**Your assignment**: Starting with the line that has "Milkweed: Monarch Butterfly" and finishing with the line that has "Imagen ilustrativa", set down each line below exactly. Pictures are not copied.

**Data to examine**:

:::

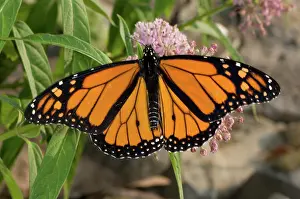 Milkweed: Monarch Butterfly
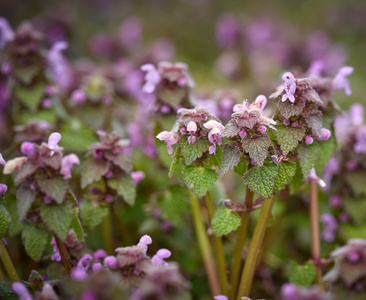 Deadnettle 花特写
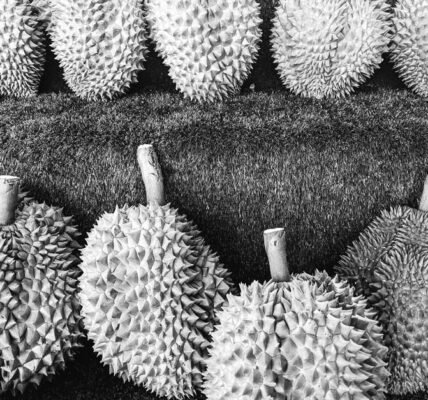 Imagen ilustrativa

:::

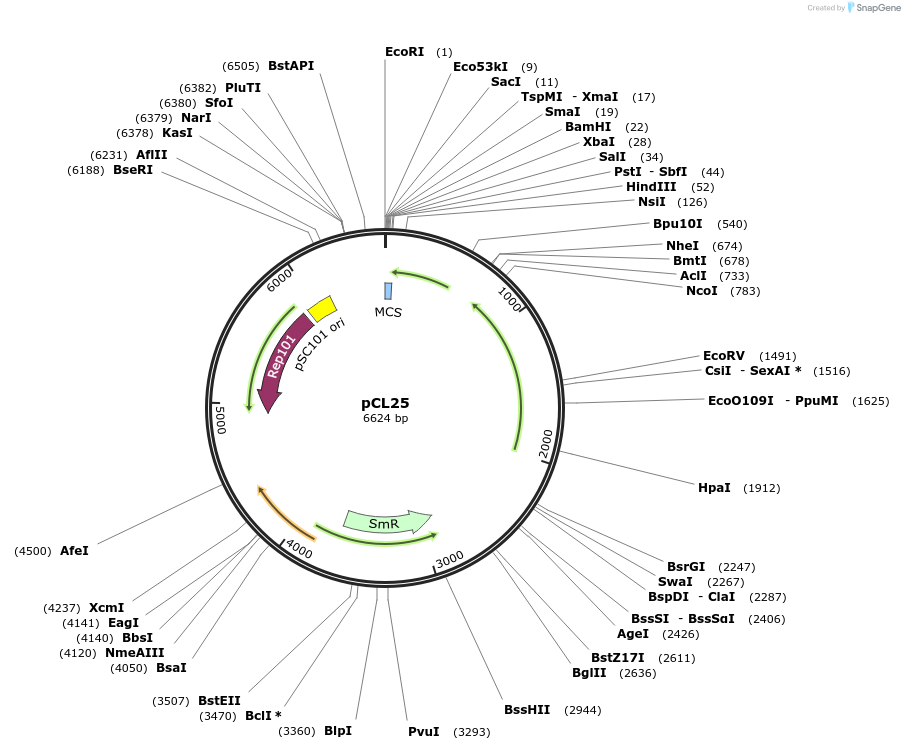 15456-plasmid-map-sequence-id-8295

:::

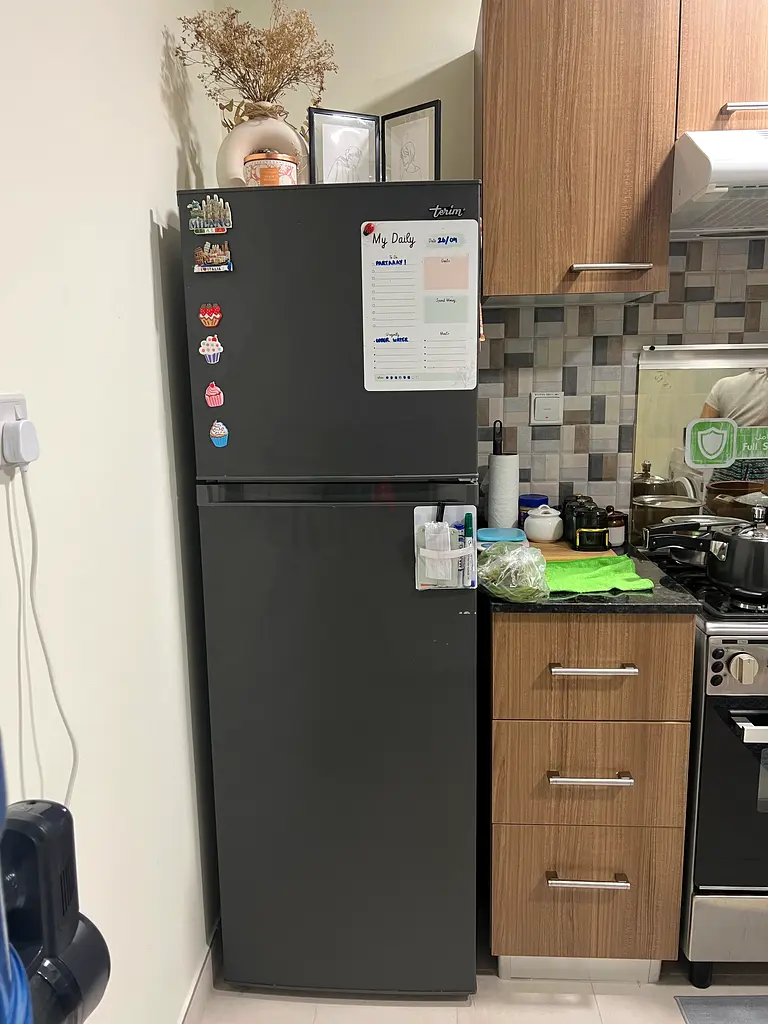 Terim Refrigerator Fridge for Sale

:::

**Response to this exercise**:
 Milkweed: Monarch Butterfly
 Deadnettle 花特写
 Imagen ilustrativa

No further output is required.